Conversely, I did a project once where we had not a single stand-up in 9 months. CEO would come up with some designs, I'd asynchronously comment on them with questions or concerns, then slice the designs into tickets that'd I'd pump good amounts of context and detail into, estimate and prioritize, then chuck my engineering team at them. We'd all asynchronously work on them. If they had questions, they'd slack me. This across five timezones.

Once or twice we'd have a miss on a ticket probably because I didn't define it well enough, but I'd just point out the issues in code review and they'd rewrite as needed. Oh well.

Meanwhile we all have a phenomenal quality of life because our entire day schedule is set on our terms. And we delivered a whole ass SaaS product from scratch in like 9 months for around 2,500 engineering hours if my brief math is right so the founders were happy.


Could you say more about the team size? Taking a 2000-hour year as ballpark, 2500 hours in 9 months is puzzling to me.

And as long as I have your attention, how many releases happened during that period?

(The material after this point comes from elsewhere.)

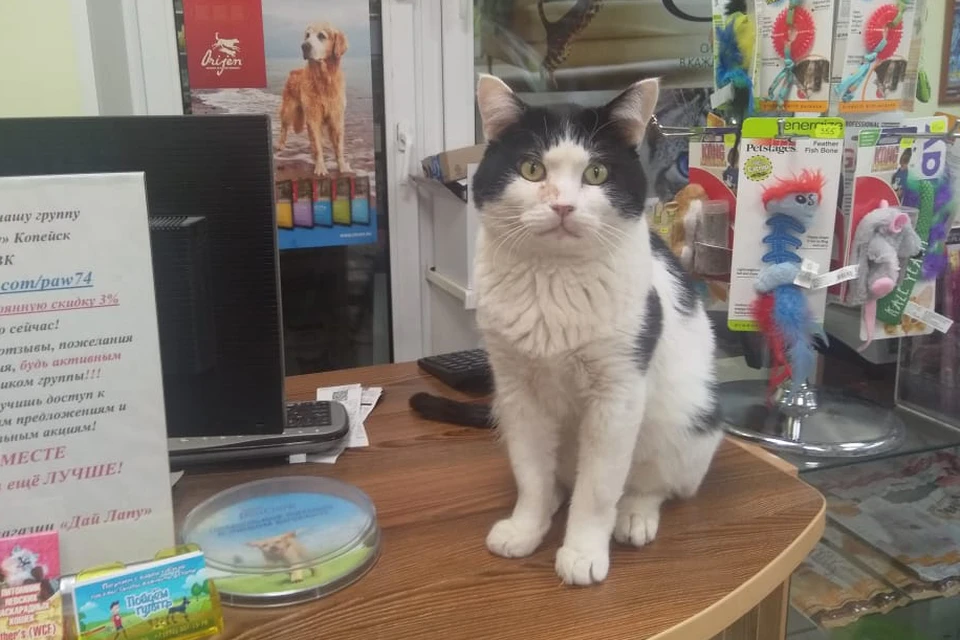 Когда-то Ефим был уличным котом, а теперь он продавец-консультант в зоомагазине. Фото: Александр Васильев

2500 hours in 9 months could be two developers logging hours on the project. The project may have had stretches when dependencies limited the amount of work that could be done, and often one assumes at least an hour of non-billable time lost to miscellaneous business shit, per IC, per day.

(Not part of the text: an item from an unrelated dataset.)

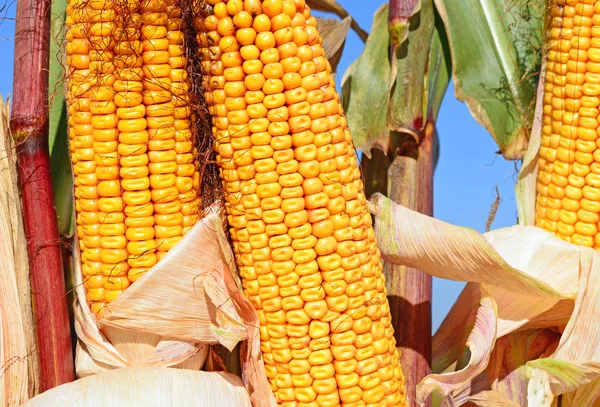 Ripe corn in the rural landscape. — Stock Photo, Image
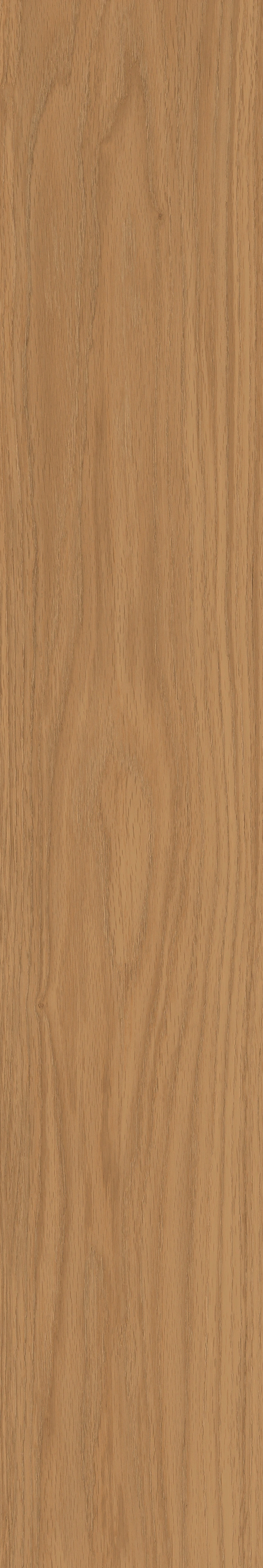 Yangmu · Digital Mould W1202342 · W1202342 Single tile image 12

The rest of the team (not logging engineering hours) may have included a (probably part-time) designer and likely some kind of project manager (likely also part-time—that is, managing 2+ projects at once for different clients).

7 (billable, on average) hours * 47 weeks (assuming 25 weekdays lost to holidays, sick days, and vacation, over a year) * 5 weekdays only yields 1,645 hours per worker per year, anyway. Divide by four, times three, to get ~9 months, and 2500 hours just looks like two full-timers on the project, really, if we're talking billable hours, but that's also (it reads like) not counting support roles and non-dev contributors like design or PM or maybe testers. Or it might be one full-time and two half-time devs, or whatever. I'd guess not more than four developers contributing significant time, anyway, based on the numbers and with fairly pessimistic assumptions for how many hours could be logged a week, and maybe as few as two.


I'm rough on the math cause I don't have the billing sheets in front of me, but the other person was pretty close.

The team I managed was me, functioning as frontend lead / architect / engineering manager as well as individual contributor. I then had three junior / early mid-level frontend engineers working with me.

I was pulling 40-60 hour weeks (contract so I didn't mind, just meant more money), the other devs were between 10-40 depending on how much work I could lay out in a sprint. Timezones were Taiwan, somewhere in Europe can't exactly recall, NYC, and California iirc.

That accounts for the frontend. There was a data system that was mostly built when I showed up, by one full time engineer at the startup. So that would be another 40 x 4 x 9 engineering hours on whatever he was working on in the meantime.

Then there was an API that would middleman requests to the data system and build out models and handle customer accounts and shopping carts and other data adjacent requests. That was one full time backend engineer over whom I didn't have responsibility, so add another 40 x 4 x 9 for that.

Finally, the designer was just the CEO. He would draw things up on figma and I'd slice them into frontend tickets. Now that I think about it I think the API engineer was consulting the same designs as he built out the API, I'm not remembering exactly.

So technically my original estimate is just for the frontend, it cost more when considering the whole system.

We "released" every merge into the main branch, internally. The CEO would constantly be giving feedback. It caused some friction occasionally, the classic "right the alignment is slightly off but what do you think about the actual interaction" type shoulder bumps, nothing major. Good feedback loop that basically daily aligned where I should be directing frontend priority.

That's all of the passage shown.